Untuk mengenang jasa Mohammad Hatta dalam memperjuangkan kemerdekaan Indonesia, nama belia diabadikan menjadi nama salah satu bandar udara internasional di Jakarta, yakni Bandar Udara Soekarno-Hatta. Nama Hatta juga diabdikan menjadi nama jalan di negara Belanda yakni Mohammad Hatta Straat yang berada di wiliyah perumahan Zuiderpolder, wilayah bagian Haarlem.
Bung Hatta menghembuskan nafas terakhirnya pada tanggal 14 Maret 1980 di Rumah sakit Cipto Mangunkusumo tepat pada pukul 18.56. Bung Hatta, pada Tahun 1986 ditetapkan sebagai Pahlawan Nasional.
Kehidupan Awal Bung Hatta
Latar Belakang Keluarga Bung Hatta
Hatta lahir di Fort de Kock (bukittinggi) Hindia Belanda pada tanggal 12
Agustus 1902. Mohammad Hatta terlahir dengan nama Muhammad Athar. Nama
Ahtar berasal dari dari bahasa Arab yang memiliki arti "harum". Hatta
merupakan anak kedua yang berbeda selisih umur dua tahun dengan kakaknya
Rafiah yang lahir tahun 1900. Mohammad Hatta Terlahir dari keluarga
pasangan Siti Saleha dan Muhammad Djamil yang berasal dari Minangkabau.
Hatta dibesarkan dalam keluarga yang taat dalam Islam.

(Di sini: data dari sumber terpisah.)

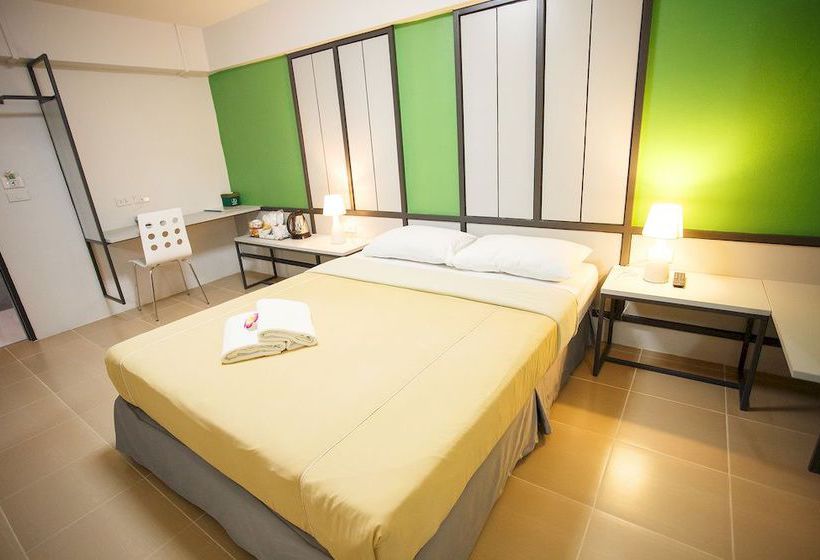 Hotel Regent Ngamwongwan 14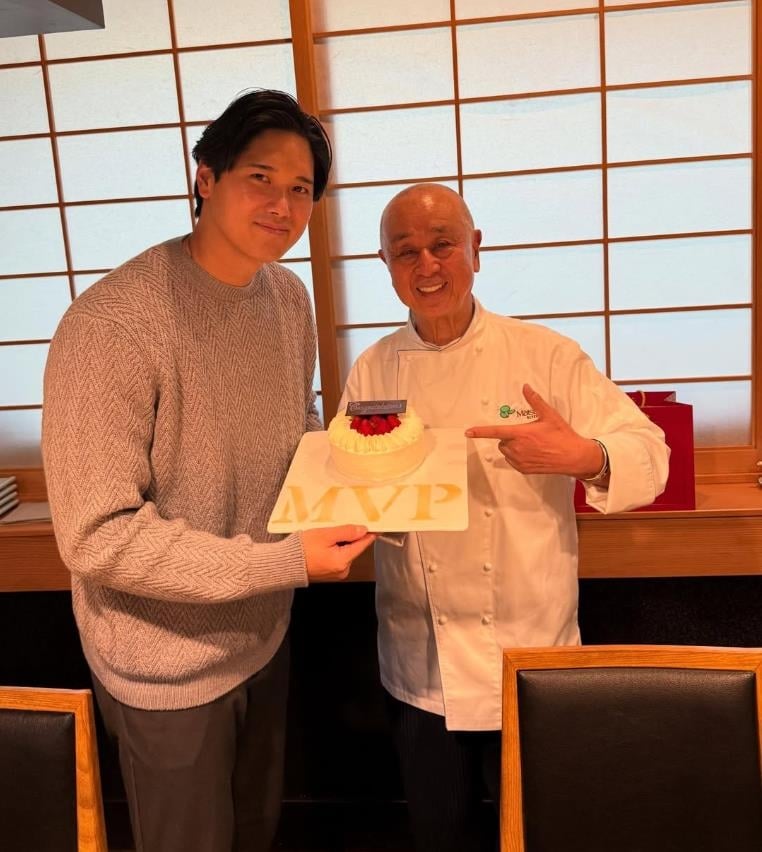 MLB(影)／「中0日」山本由伸慶祝奪世界大賽MVP　大啖米其林三星壽司達比修也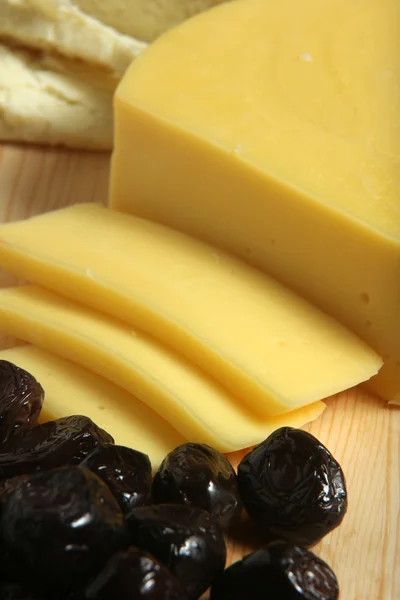 チーズとオリーブ — ストック写真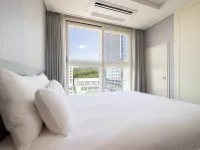GL City Hotel Incheon Airport Hotel dekat Jembatan Incheon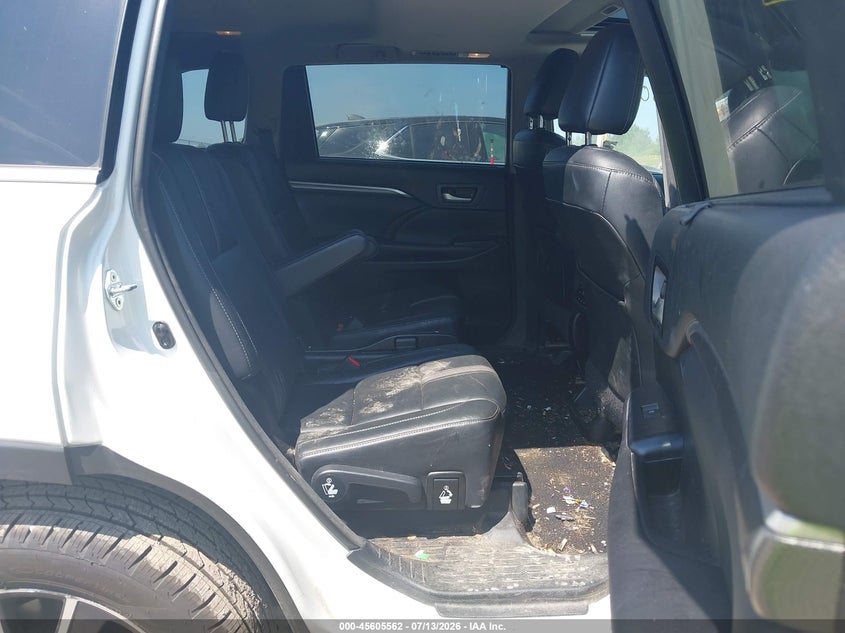 2017 TOYOTA HIGHLANDER auction photo 8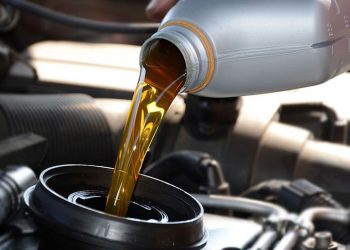 Замена масла в двигателе в Днепре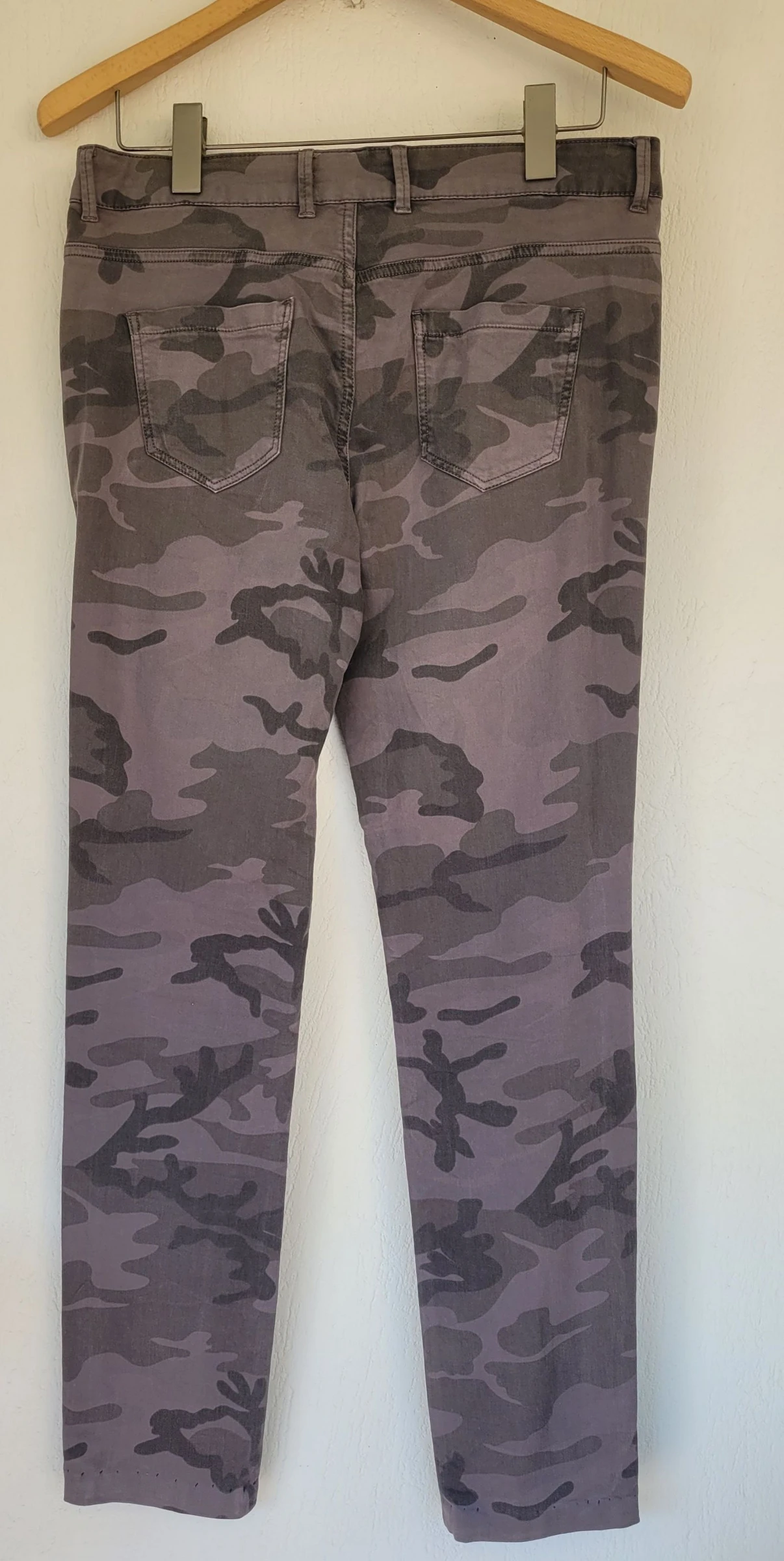 Monoprix Calça/Jeans Skinny TFr40/TL - Estampa Militar Cinza e Cintura Média em Ótimo Estado – photo 4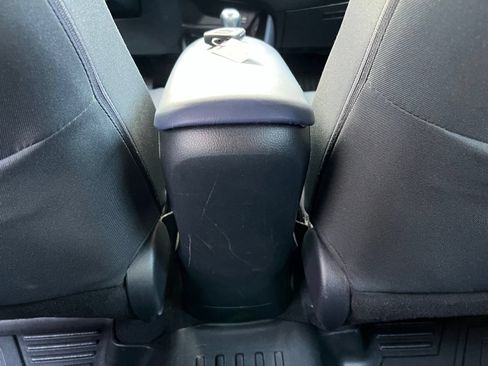 Used 2021 Toyota C-HR XLE FWD image 43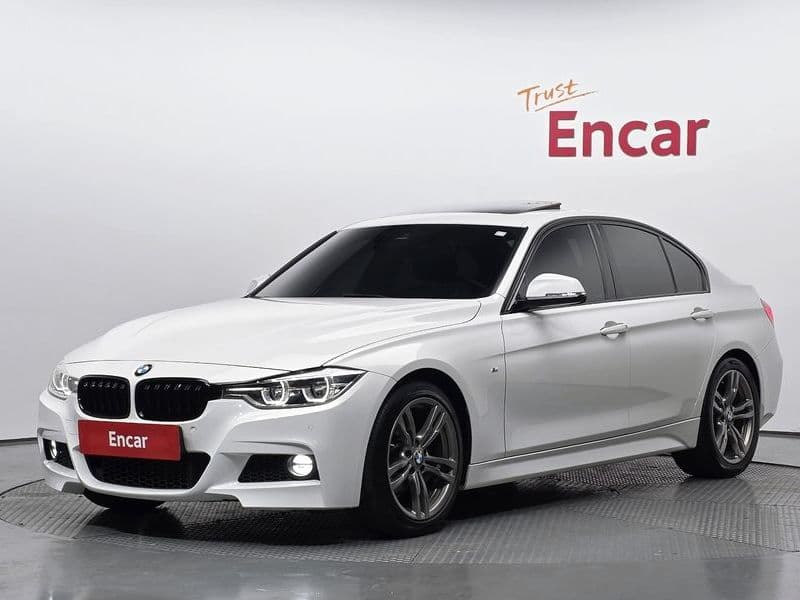 2017 BMW 3 Series 320i M Sport photo 1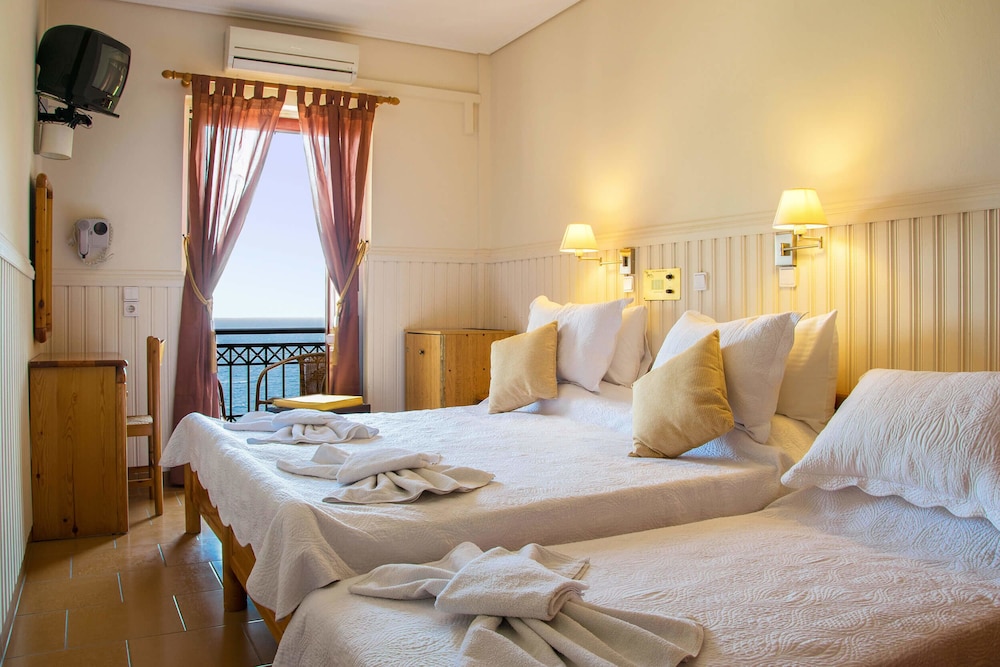 Standard Triple Room, 1 Bedroom, Sea View photo 1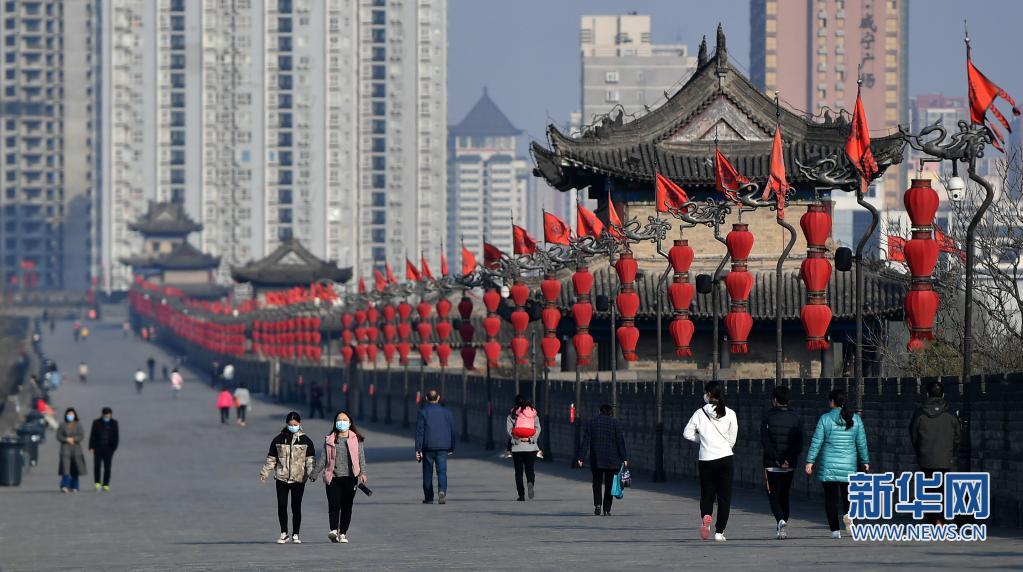 游客在西安城墙浏览。新华社记者 刘潇 摄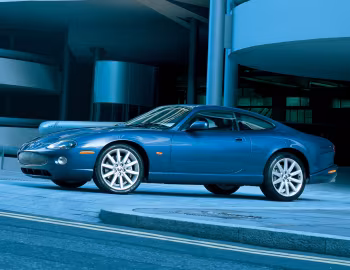 Jaguar XKR Coupe [UK-spec] (X100) '2004–05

Kakek Mohammad
Hatta dari pihak ayah, Abdurahman Batuhampar adalah seorang ulama yang
sangat dihormati di wilayah Batuhampar. Abdurahman Batuhampar adalah
pendiri surau Batuhampar, satu dari sedikit surau yang tidak hancur
setelah meletusnya perang Padri. Ayah Hatta, Haji Mohammad Djamil
meninggal ketika Hatta baru berusia delapan bulan, Hatta ditinggal
ayahnya bersama dengan saudarinya serta ibunya.
Berdasarkan pada tradisi Minangkabau, Hatta kemudian dibesarkan dalam
lingkungan keluarga ibunya. Ibu Mohamad Hatta, Siti Saleha adalah
keturunan pedagang di Bukittinggi. Setelah Haji Muhammad Djamil
meninggal, Siti saleha memutuskan untuk menikah lagi dengan Agus Haji
Ning yang merupakan pedagang dari Palembang. Pernikahan Agus Haji Ning
dengan Siti Saleha dikarunia empat orang Putri. Haji Ning sering
berkorespondensi dengan kakek Hatta dari pihak Ibunya yakni Ilyas
Bagindo Marah.
Pendidikan Formal Bung Hatta
Latar Belakang keluarga ibunda Hatta, Siti Saleha, yang merupakan
keluarga cukup bearada dari segi harta, memungkinkan Hatta untuk
bersekolah di Belanda. Hatta memulai pendidikannya di sekolah swasta.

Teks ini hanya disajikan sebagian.